One of the most useful is the config that I use to monitor the different protocol stats for volumes. I created an indexed query so that the single script, and accompanying XML file, are capable of monitoring all the volumes, and I can select which graphs to create for each volume. The polling script is loosely based off of the multi-protocol realtime volume statistics script that I created some time ago.
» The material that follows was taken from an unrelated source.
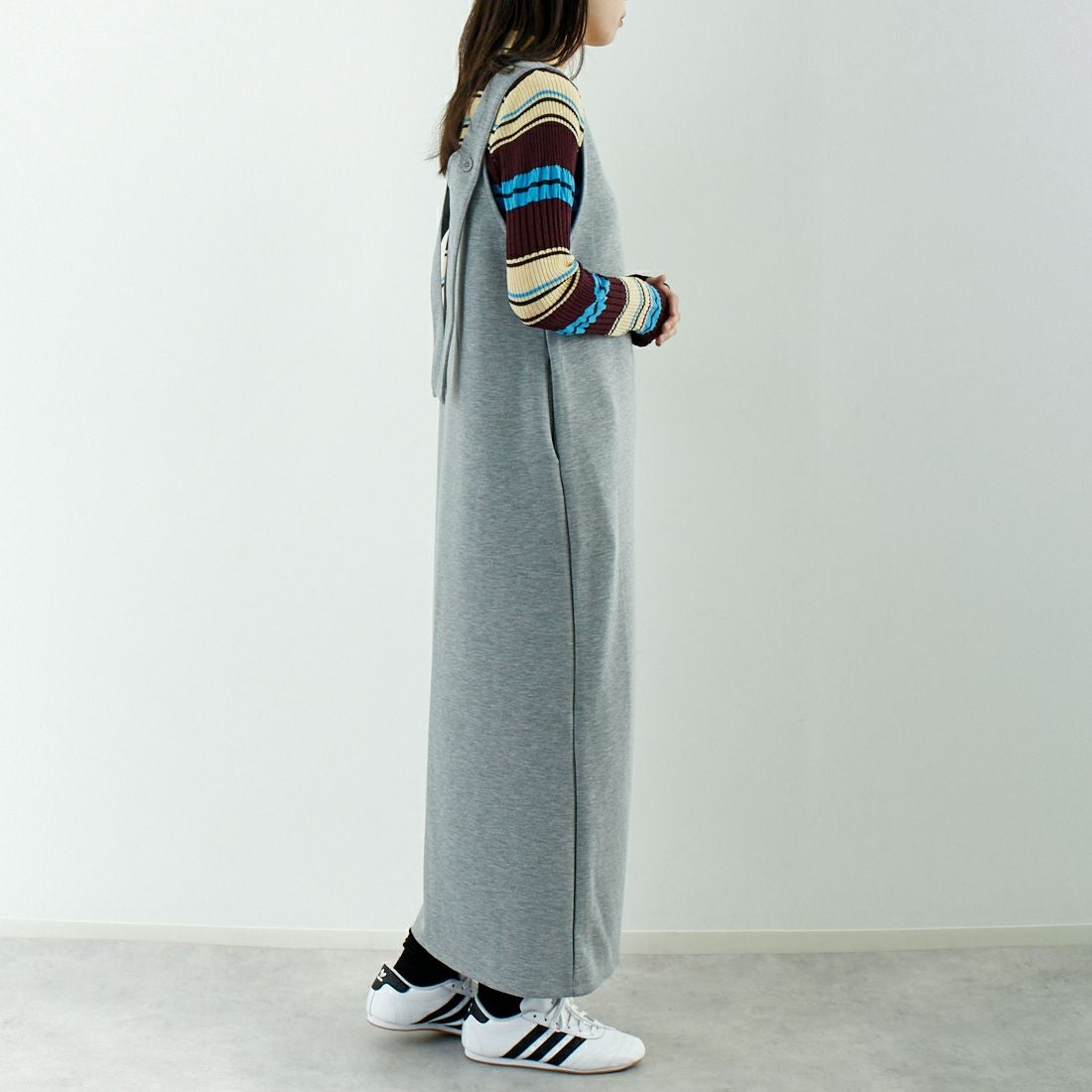 Maison de L'allure [メゾン ドゥ ラリュール] 2WAYダンボールニットジャンスカ [M24142019] 07 GRAY &&モデル身長：167cm 着用サイズ：F&&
Download the updated template and script(s) here.

Some examples…

Total Operations, Latency
total_ops
  
total_lat
CIFS Operations, Latency
cifs_ops
  
cifs_lat
NFS Operations, Latency
nfs_ops
  
nfs_lat
iSCSI Operations, Latency
iscsi_ops
  
iscsi_lat

Included in the templates are graphs for FCP and SAN operations, however I have none of those on my filer, so I have no graphs to show you.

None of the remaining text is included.